→ **Your instructions**
Write the listing out again word for word, leaving each picture behind.

→ **Data provided**
◇ ◇ ◇ ◇ ◇
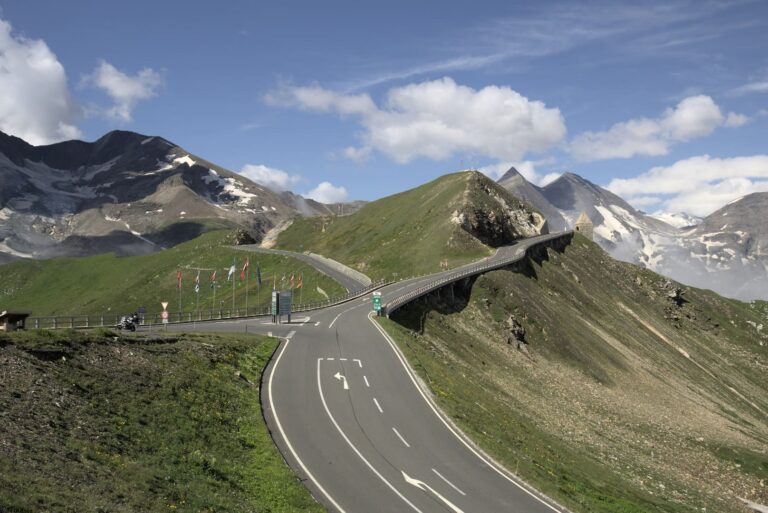 Pohled na Grossglockner z parkoviště Fuschertörl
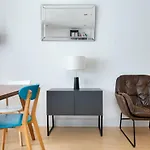 D8 - Canal View Apartment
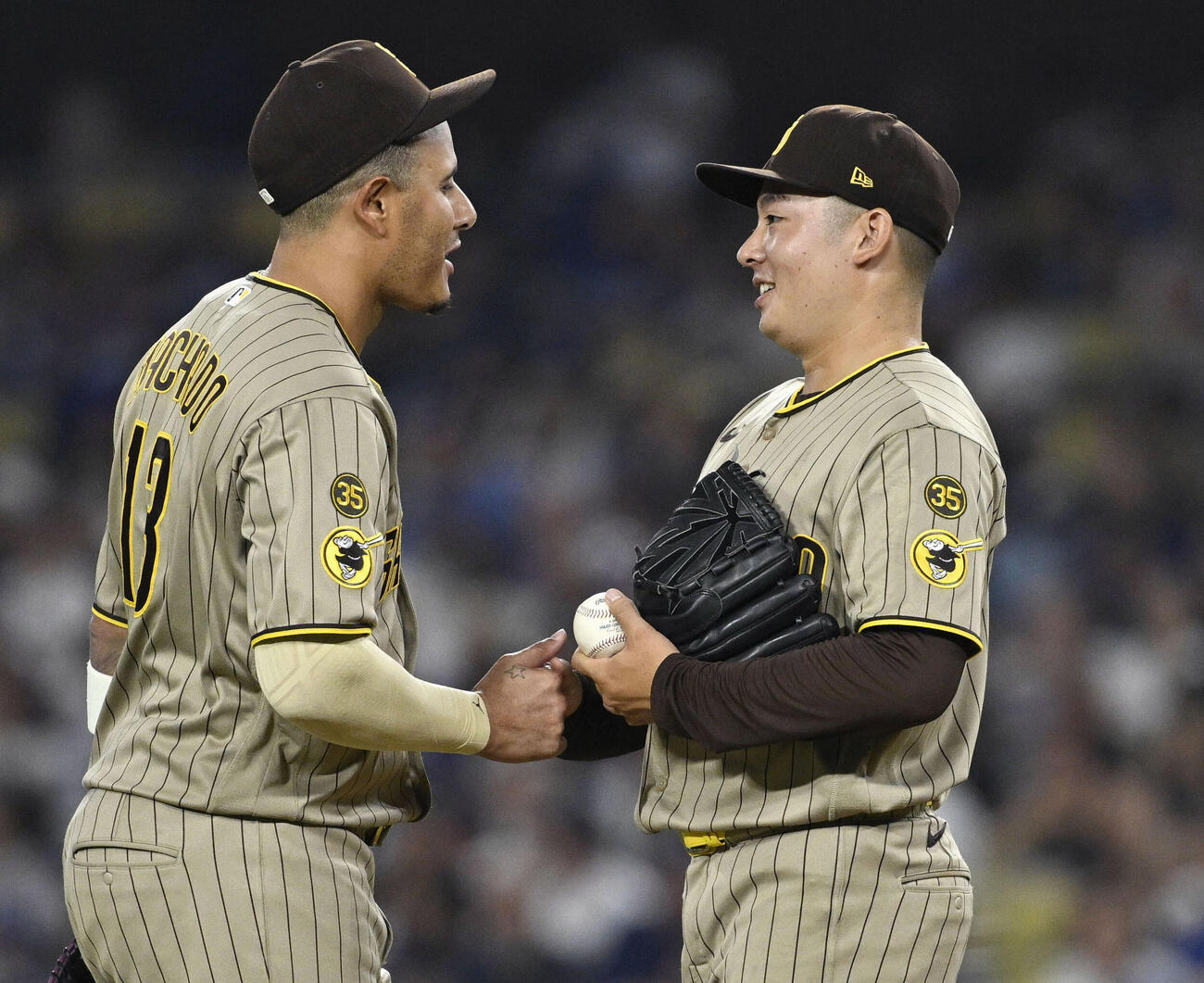 ドジャース戦の6回途中、降板時にマチャド（左）と言葉を交わすパドレス・松井＝ロサンゼルス（共同）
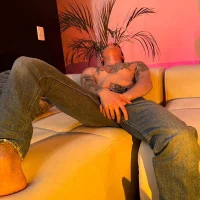 Damn_ice's Avatar Pic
◇ ◇ ◇ ◇ ◇
→ **Task answer**
 Pohled na Grossglockner z parkoviště Fuschertörl
 D8 - Canal View Apartment
 ドジャース戦の6回途中、降板時にマチャド（左）と言葉を交わすパドレス・松井＝ロサンゼルス（共同）
 Damn_ice's Avatar Pic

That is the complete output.